Based on our data, we propose the following model by which SH2-B regulates JAK2. In the basal state, SH2-B binds via a site(s) in its N-terminal 555 amino acids to non-tyrosyl-phosphorylated JAK2 with a relatively low affinity and inhibits spontaneous, abnormal activation of JAK2. This interaction also increases the subcellular local concentration of SH2-B around JAK2. When JAK2 is partially activated and tyrosyl phosphorylated in response to hormones and cytokines, the SH2 domain of SH2-B is then able to bind rapidly with high affinity to phosphorylated tyrosine(s) in JAK2, thereby rapidly and robustly enhancing JAK2 activity. SH2-B is phosphorylated on tyrosines as well as on serines and threonines in response to a variety of growth factors, cytokines, and hormones (31-34). It is appealing to hypothesize that differential phosphorylation of SH2-B may affect its ability to bind and/or activate JAK2.

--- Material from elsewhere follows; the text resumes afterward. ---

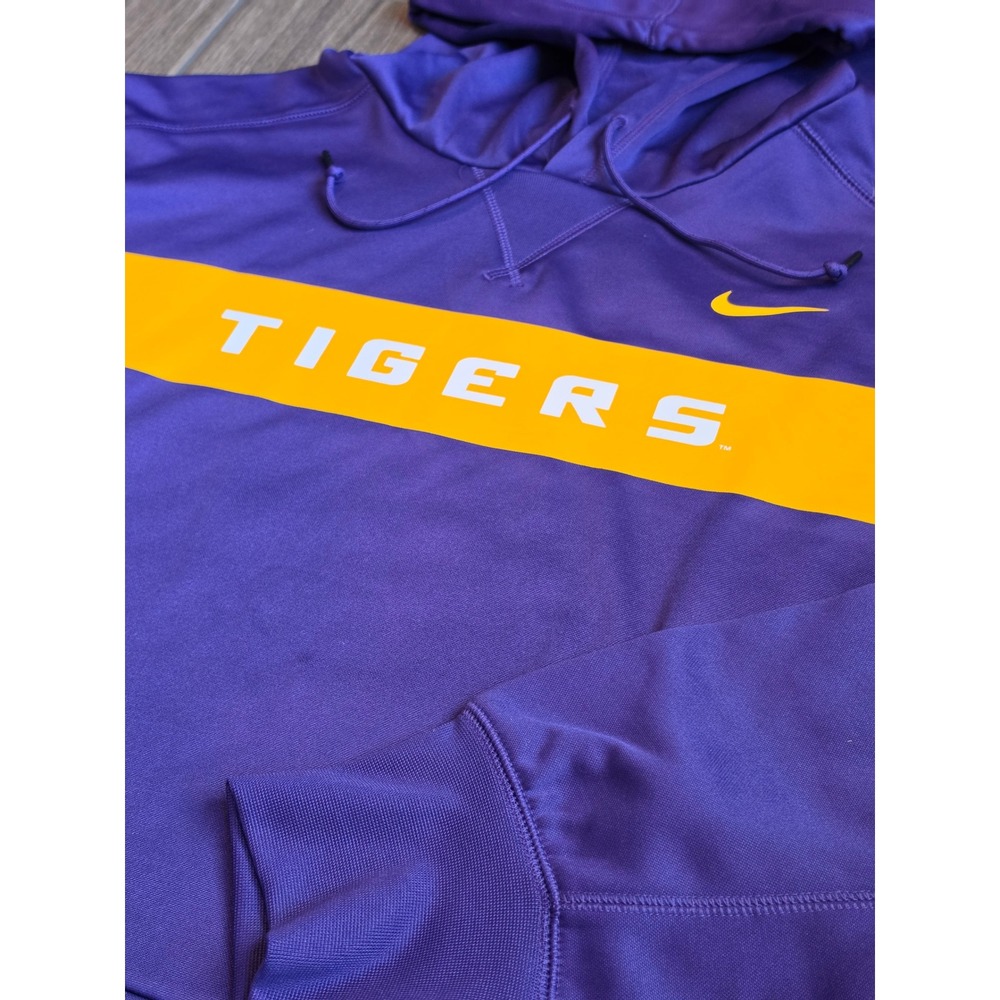 Nike LSU Tigers Hoodie Mens XXL Purple Gold Therma-FIT Sweatshirt 926740-545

In summary, we show that SH2-B binds to JAK2 via at least two sites. One or more sites within the first 555 amino acids of SH2-B binds to JAK2 independent of tyrosyl phosphorylation of JAK2 and inhibits JAK2. The SH2 domain of SH2-B binds only to activated JAK2, presumably to phosphorylated tyrosine(s). This latter interaction is necessary and sufficient for SH2-B to stimulate JAK2. The inhibition of JAK2 mediated by the low-affinity interaction of JAK2 with SH2-B or its related molecules may serve as a checkpoint to prevent abnormal activation of JAK2 in the absence of ligand. In addition, the accumulation of SH2-B around JAK2 due to this low-affinity interaction of SH2-B with inactive JAK2 may increase the efficiency with which the SH2 domain is able to bind and activate JAK2. This allows for a more rapid and robust response of cells to hormones and cytokines that utilize JAK2 in their signaling.